One of my writing friends – Mahrie G. Reid – will be taking over my blog tomorrow to give the Canadian perspective on Wartime Rations. Mahrie writes mysteries with a touch of romance. Her first novel, set in Nova Scotia and titled Sheldon Harris Came Home Dead, will be available this spring. You can follow Mahrie on her blog at: mahriegreid.blogspot.ca
A very simple meal for dinner this evening: soup, corned beef hash and pear crumble. The hash was very simple and tasted better than it probably looks in this picture. Next time I make it I think I might add some onions. And my husband insists corned beef hash isn’t corned beef hash if you don’t add a splash of hot sauce!
* * *
Continuing with Anne’s memories of being evacuated to Kippen with my mother Mary, I asked her about some of the houses they lived in. I remember my mum telling me that they lived in the attic in one of the homes and she had to haul buckets of cold water up to the top floor to wash my brother’s nappies. What were Anne’s memories?

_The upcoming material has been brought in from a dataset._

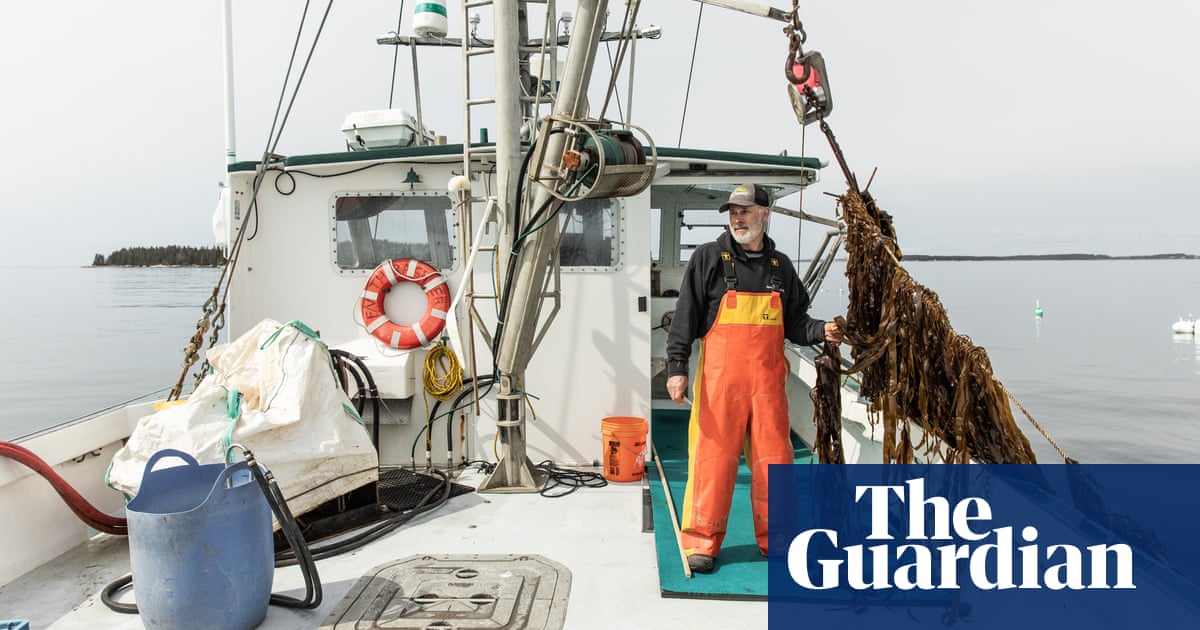 I M Not A Quitter Lobstermen Turn To Kelp Farming In The Face Of Climate Crisis Environment The Guardian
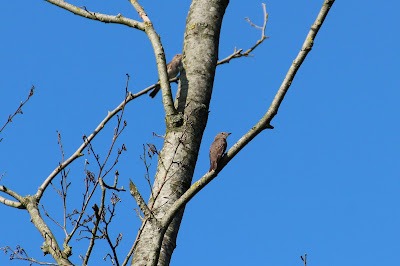 Feale Miggesnapper - Grauwe Vliegenvanger - Muscicapa striata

We stayed in a total of 4 different houses in Kippen. The first was on the main street, with a woman and her child (maybe her husband was in the Forces). I can’t remember much about the cooking facilities there, but do remember the kettle and one large pot of black iron, both 10-12″ high which were used on trivets on the living-room fire. (As I said before, we had oil lamps and battery-run radio.)
The next house was also on the main road and that was the attic one. One large attic room was already occupied by a lady of Mary’s age, called Mary T, and the two Marys were friendly. Mary T was an amusing companion and a great mimic, the sort of person who can keep you laughing , so it was sad to learn later that she died of TB when she was 28. Mary and your brother slept in the other large room, and I had a sort of cupboard on the landing with a skylight, and a little camp bed only inches off the floor.
House no. 3 was right on the edge of the village and more than a mile from the centre in an area or sub-village called ‘Cauldhame’, so I had a very long walk to reach the bus-stop to take me to school in Balfron, and in the winter suffered from chilblains. Living there was OK because I’d made a friend of one of the village girls nearby. Her father had worked for the railway company and on retirement had bought a railway coach for their retirement home. That was interesting. But I can’t remember much about the inside of the house – maybe we weren’t there for very long, though its setting just beside a little wood with a stream was very pretty, so games like ‘Sleeping Beauty’, Robin Hood and Babes in the Wood were believable.
The last house was the most modern – a block of 4 flats in pale coloured masonry. We had the upper flat on one side, so there was a big flight of stairs behind the ‘front door’. The occupier was a Mr T, a big, bluffly cheerful man who was the local gravedigger and presumably acted as a general groundsman when there was no-one to bury. He was kind and always in a good mood. I think Mother had him to stay a few days at Byres Road at least once – to see the Big City. We shared the living room with him, and Mary and I were in a double bed in a bedroom. It was the most spacious of our billets.